For processes run as user "chronos", crash_reporter puts its files (*.dmp, *.meta, and *.core) in /home/chronos/user/crash/.  For other processes, crash_reporter puts them in /var/spool/crash/.  If you are running a developer image (i.e. the /root/.leave_core file exists), crash_reporter will not delete the core file.  Note that Chrome handles its own crashes, and so crash_reporter will normally ignore them (see FAQ entry Why would chrome crashes not generate a core file on dev builds to change that).

The way Chrome handles its own crashes does not result in a core file.  It will normally generate a minidump file, upload it (if consent is enabled), and then delete it immediately.   It will generate the minidump (*.dmp) in /tmp/ for non-browser crashes, and in /var/log/chrome/Crash Reports/ for browser crashes.  TIP: I've used this fact in the past to get an almost complete copy of the minidump by having a "while [ 1 ]" shell loop copy off /tmp/*.dmp to somewhere else during a crash.

If Chrome is in "headless" mode, it will generate both kinds of minidumps in /var/log/chrome/Crash Reports/, and neither upload nor delete them.  NOTE: Instead of /var/log/chrome/Crash Reports/, Chrome used to put its minidumps in (and still does for non-Chrome OS machines) $HOME/.config/google-chrome/Crash Reports/, but that was changed due to http://crosbug.com/25089.

Why are my crash dumps disappearing sometimes?

The crash_sender process runs every hour.  In most cases when it runs, it will delete your existing crash dumps -- after uploading the report if that is enabled.  The exception to them being deleted is if crash_sender is uploading crash reports and it reaches a limit, in which case it will hold off for another hour.  You can prevent the crash_sender from running by touch'ing the /var/lib/crash_sender_paused file.

At what point can the crash reporter catch crashes?

TBD

Something crashed during startup, but I don't see it in /var/spool/crash/ or ~/crash/?

In order for the crash reporter to be called to process a crash, the line in /proc/sys/kernel/core_pattern must start with "|/sbin/crash_reporter".  Unless otherwise set, it defaults to just "core".  The crash_reporter program sets the kernel's core pattern when it is first run by Upstart.  This is currently done at the same time as "system-services" services (see src/platform/init/crash-reporter.conf).

Reference: http://crosbug.com/16800

Do we report out-of-memory (OOM) crashes?

No.  When a system is running out of memory, the kernel will invoke its OOM killer to kill some process with the hopes that it will free up enough memory.  On Chrome OS the killed process should always be one of Chrome's, because we make all others unkillable.  Search for "init on ChromeOS" in Out of memory handling to see which processes should be killed first.

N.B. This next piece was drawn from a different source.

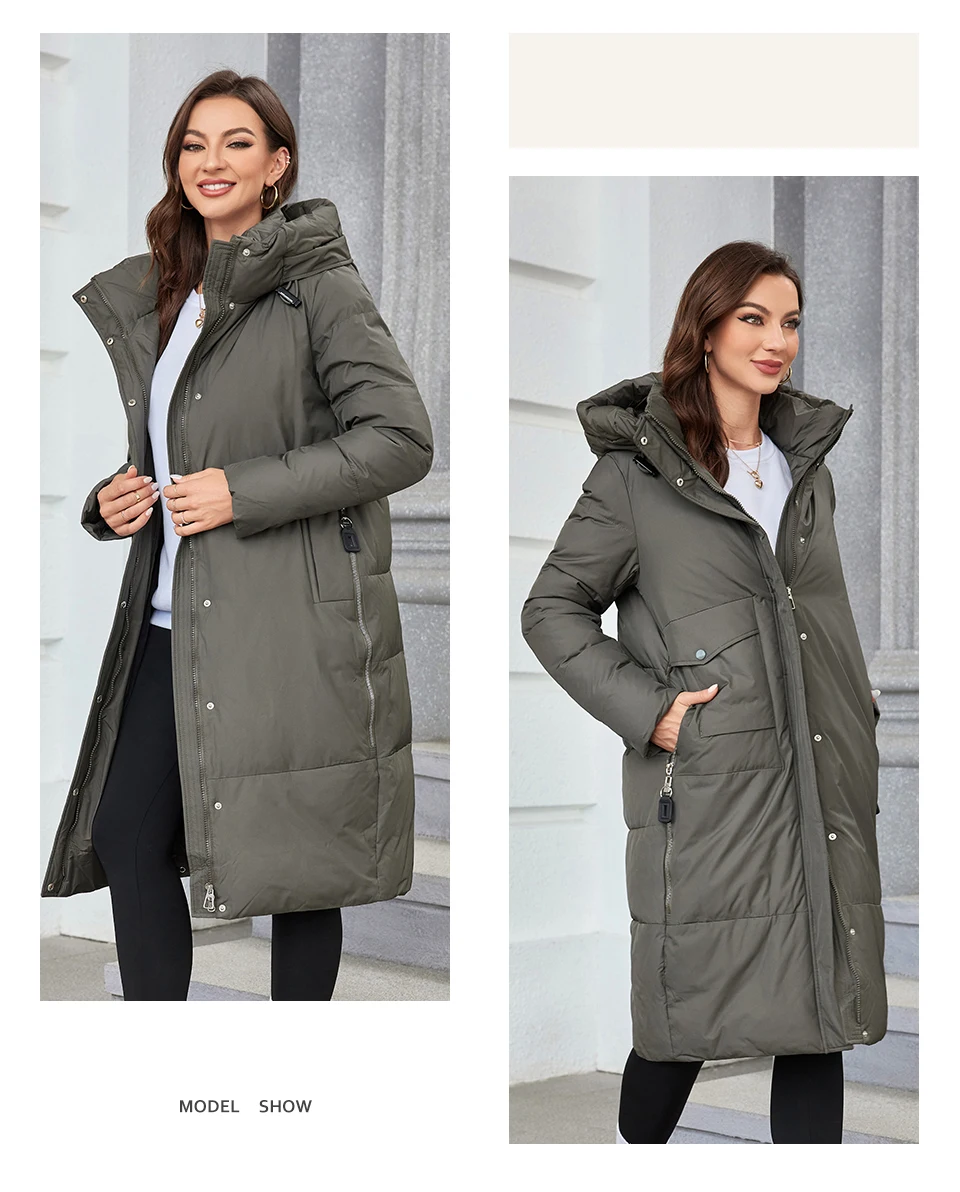 HaiLuoZi 2023 Women Winter Coat Long Thick Parkas Zip Up Warm Female Outwear Slant Pocket Drawstring Hem Women's Jackets 1107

When the OOM killer runs, you should see a message like the following in the system's log:

<4>[ 2461.625535] chrome invoked oom-killer: gfp_mask=0x200da, order=0, oom_adj=0, oom_score_adj=0

..followed by a bunch of current memory information and then:

<3>[ 2461.638097] Out of memory: Kill process 9250 (chrome) score 648 or sacrifice child
<3>[ 2461.638107] Killed process 9250 (chrome) total-vm:197184kB, anon-rss:14464kB, file-rss:13184kB

Unfortunately, we don't have a good way to report these OOM killings.  When the kernel kills a process with the oom-killer, it effectively does so with the SIGKILL signal.  Because of this, the Breakpad signal handler does not get invoked (which is how Chrome reports its crashes), nor does crash_reporter get called by the kernel.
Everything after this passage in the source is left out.